Crate cmsketch

Crate cmsketch 

Source
Expand description

A probabilistic counting data structure that never undercounts items before it hits counter’s capacity. It is a table structure with the depth being the number of hashes and the width being the number of unique items. When a key is inserted, each row’s hash function is used to generate the index for that row. Then the element’s count at that index is incremented. As a result, one key being inserted will increment different indices in each row. Querying the count returns the minimum values of these elements since some hashes might collide.

Users are supposed to synchronize concurrent accesses to the data structure.
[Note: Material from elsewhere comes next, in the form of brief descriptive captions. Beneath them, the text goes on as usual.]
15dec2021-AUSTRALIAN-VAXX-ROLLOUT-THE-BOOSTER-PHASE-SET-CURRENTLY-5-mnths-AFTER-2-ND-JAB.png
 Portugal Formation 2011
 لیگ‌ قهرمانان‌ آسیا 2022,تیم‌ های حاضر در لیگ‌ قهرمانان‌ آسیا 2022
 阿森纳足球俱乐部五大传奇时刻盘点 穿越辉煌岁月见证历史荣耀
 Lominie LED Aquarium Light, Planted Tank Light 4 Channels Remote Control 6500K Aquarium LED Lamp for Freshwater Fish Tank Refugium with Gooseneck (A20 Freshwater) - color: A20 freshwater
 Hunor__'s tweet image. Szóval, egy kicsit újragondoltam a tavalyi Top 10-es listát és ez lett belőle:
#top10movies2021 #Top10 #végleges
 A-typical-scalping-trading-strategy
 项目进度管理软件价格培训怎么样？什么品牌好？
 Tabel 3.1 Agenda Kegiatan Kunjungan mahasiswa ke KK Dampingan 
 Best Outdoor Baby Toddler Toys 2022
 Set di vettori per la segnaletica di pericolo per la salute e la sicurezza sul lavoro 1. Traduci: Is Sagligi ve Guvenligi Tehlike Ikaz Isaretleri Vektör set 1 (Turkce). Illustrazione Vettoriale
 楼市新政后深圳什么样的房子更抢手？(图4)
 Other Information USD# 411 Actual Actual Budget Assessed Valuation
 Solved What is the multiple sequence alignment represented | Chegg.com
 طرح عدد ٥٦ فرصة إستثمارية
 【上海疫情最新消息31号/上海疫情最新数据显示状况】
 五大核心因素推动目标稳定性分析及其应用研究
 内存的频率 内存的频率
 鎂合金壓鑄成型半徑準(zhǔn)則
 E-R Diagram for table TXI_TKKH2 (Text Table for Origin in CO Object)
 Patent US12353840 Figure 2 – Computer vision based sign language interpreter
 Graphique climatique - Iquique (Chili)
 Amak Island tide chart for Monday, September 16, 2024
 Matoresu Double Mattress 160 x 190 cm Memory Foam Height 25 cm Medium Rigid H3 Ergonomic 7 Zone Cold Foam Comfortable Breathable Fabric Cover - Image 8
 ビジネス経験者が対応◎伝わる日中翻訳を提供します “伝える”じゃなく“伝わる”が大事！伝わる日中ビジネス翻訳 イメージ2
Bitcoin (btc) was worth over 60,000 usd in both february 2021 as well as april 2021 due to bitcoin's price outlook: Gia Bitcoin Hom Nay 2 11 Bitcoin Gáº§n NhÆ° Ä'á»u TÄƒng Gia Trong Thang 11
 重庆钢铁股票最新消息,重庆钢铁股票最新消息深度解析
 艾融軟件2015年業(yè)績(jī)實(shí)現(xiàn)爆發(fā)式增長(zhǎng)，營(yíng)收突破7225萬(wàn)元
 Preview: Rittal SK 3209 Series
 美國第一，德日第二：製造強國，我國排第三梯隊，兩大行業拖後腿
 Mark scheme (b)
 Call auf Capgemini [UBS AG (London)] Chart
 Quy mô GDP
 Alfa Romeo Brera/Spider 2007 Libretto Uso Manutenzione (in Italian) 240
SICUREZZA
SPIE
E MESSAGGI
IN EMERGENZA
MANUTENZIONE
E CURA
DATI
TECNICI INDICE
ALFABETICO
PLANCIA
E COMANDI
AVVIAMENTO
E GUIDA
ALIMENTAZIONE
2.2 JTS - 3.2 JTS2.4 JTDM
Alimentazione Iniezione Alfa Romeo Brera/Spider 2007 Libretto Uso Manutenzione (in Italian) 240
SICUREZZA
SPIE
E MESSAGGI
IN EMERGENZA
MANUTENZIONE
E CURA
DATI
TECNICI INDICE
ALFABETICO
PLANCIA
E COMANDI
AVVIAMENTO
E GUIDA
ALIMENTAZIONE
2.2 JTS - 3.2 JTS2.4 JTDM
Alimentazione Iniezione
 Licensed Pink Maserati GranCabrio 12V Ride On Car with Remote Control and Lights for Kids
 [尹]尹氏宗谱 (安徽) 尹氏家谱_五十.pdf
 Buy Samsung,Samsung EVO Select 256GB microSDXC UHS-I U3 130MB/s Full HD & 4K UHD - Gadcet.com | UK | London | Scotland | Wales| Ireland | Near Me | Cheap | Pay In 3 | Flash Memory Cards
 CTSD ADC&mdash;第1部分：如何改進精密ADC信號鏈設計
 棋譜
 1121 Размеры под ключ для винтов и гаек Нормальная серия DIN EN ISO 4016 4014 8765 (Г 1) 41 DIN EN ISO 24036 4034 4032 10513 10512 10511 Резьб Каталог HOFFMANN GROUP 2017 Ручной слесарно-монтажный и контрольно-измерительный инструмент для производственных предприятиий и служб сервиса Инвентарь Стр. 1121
E.g. insert(1) hash1(1) = 2 -> increment row 1, index 2 hash2(1) = 5 -> increment row 2, index 5 hash3(1) = 3 -> increment row 3, index 3 etc.

§Usage

use cmsketch::CMSketchU32;

const ERROR: f64 = 0.01;
const CONFIDENCE: f64 = 0.95;

fn main() {
    let mut cms = CMSketchU32::new(ERROR, CONFIDENCE);
    for i in 0..10 {
        for _ in 0..i {
            cms.inc(i);
        }
    }
     
    for i in 0..10 {
        assert!(cms.estimate(i) >= i as u32);
    }
     
    cms.halve();
     
    for i in 0..10 {
        assert!(cms.estimate(i) >= (i as f64 * 0.5) as u32);
    }
}

Structs§

CMSketchAtomicU8
Count-Min Sketch that stores u8 counters using atomics for concurrent updates.
CMSketchAtomicU16
Count-Min Sketch that stores u16 counters using atomics for concurrent updates.
CMSketchAtomicU32
Count-Min Sketch that stores u32 counters using atomics for concurrent updates.
CMSketchAtomicU64
Count-Min Sketch that stores u64 counters using atomics for concurrent updates.
CMSketchAtomicUsize
Count-Min Sketch that stores usize counters using atomics for concurrent updates.
CMSketchU8
Count-Min Sketch storing non-atomic u8 counters.
CMSketchU16
Count-Min Sketch storing non-atomic u16 counters.
CMSketchU32
Count-Min Sketch storing non-atomic u32 counters.
CMSketchU64
Count-Min Sketch storing non-atomic u64 counters.
CMSketchUsize
Count-Min Sketch storing non-atomic usize counters.